Condition 1 is satisfied in the TN and the NCG methods, whilst conditions 2 and 3 are
satisfied within the line search. Conditions 2 and 3 ensure that the step size,
α, is bounded away from zero. It does so by requiring the actual decrease
in *E* to be bounded away from the linear predicted reduction.

## 5. Approach and Methods

To investigate the accuracy and the efficiency (computing time) of TN and NCG, three
problems were considered as detailed in Tables 1 and 2. In these problems there are three heterogeneities (or
target regions, as illustrated in Figure 1) that have different optical properties than that of
their surrounding background region. Maps of absorption due to fluorophore,
*µ*_{a}
, and fluorescence lifetime,
*τ*, were reconstructed from synthetic fluorescence
measurements. We assume that all parameters other than the property to be mapped are
known and constant for both absorption and fluorescence lifetime reconstructions. In
problem 1, absorption imaging with up to tenfold increase in absorption within
heterogeneities was investigated. In problem 2, fluorescence lifetime imaging with
up to tenfold decrease in lifetimes within heterogeneities (fluorescence quenching)
was investigated. Problem 3 investigated fluorescence lifetime imaging with up to
tenfold increase in lifetime within heterogeneities. Thus we considered lifetime
imaging cases in which (i) the background possesses smaller fluorescent lifetime
than the heterogeneities and, (ii) the background possesses larger lifetime than the
heterogeneities.

To quantitatively evaluate the accuracy of TN and NCG methods, the following parameter for each reconstruction has calculated:

Sum of square
errors=$\sum _{i=1}^{n=289}$[(*µ*_{a}
)
_{actual}
-(*µ*_{a}
)
_{c}
]^{2} where c is the calculated value and there are 289 unknowns.
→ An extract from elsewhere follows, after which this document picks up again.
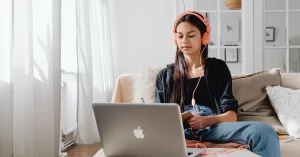 Jovem mulher sentada no sofá com fones de ouvido em frente ao seu laptop aprendendo como criar vídeo com roteiro com IA gratuito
Similar expressions were used for lifetime. A coarse, 2-dimensional mesh with 225
internal nodes and 64 boundary nodes (total 289 nodes) was used for the inverse
problems while a total of 2401 nodes were used for the forward problems. The dual
mesh scheme was utilised for this analysis. A coarse mesh was used for the inverse
problem to reduce the computing time while a finer mesh was used for the forward
problem to calculate the fluence accurately. The same meshes were used for both TN
and NCG methods to compare their efficiency. (An optimal mesh size required for the
inverse and the forward problem using different methods was not conducted in this
study). For comparison of these two gradient-based methods, the synthetic data sets
described in Section 2.2 were used for reconstruction of absorption coefficients as
well as of lifetimes from fluorescence measurements. The final images reported
herein are convergence the results obtained when either the length of the gradient
‖**g**‖ was less than 10^{-8} (chosen by
trial and error) or a maximum of 2000 iterations was reached.

## 6. Results and Discussion

#### 6.1 Absorption coefficient imaging from synthetic fluorescence measurements

Figure 2 (a) depicts the actual spatial distribution of absorption used for generation of the synthetic data set described in Problem 1 of Table 1. The three heterogeneities or targets

possessed different absorption coefficients that were greater than the background. Figure 2(b) shows the reconstructed map of absorption from synthetic fluence values at 150MHz modulation frequency using the TN method while Figure 2(c) was obtained by the NCG method. These two methods reconstructed the three heterogeneities very well as shown in Figures 2b and 2c. The sum of square errors, resulting from the NCG method is slightly less than that of TN method as shown in Table 3. The time taken by TN method is 14031 seconds and the NCG took 14467 seconds. The quantitative error of the NCG method is slightly lower than that of the TN method when the initial guess was set to the background region as shown in Table 3. Both TN and NCG methods successfully recovered reconstructed maps similar to those depicted in Figures 2 (b)–(c) at various modulation frequencies.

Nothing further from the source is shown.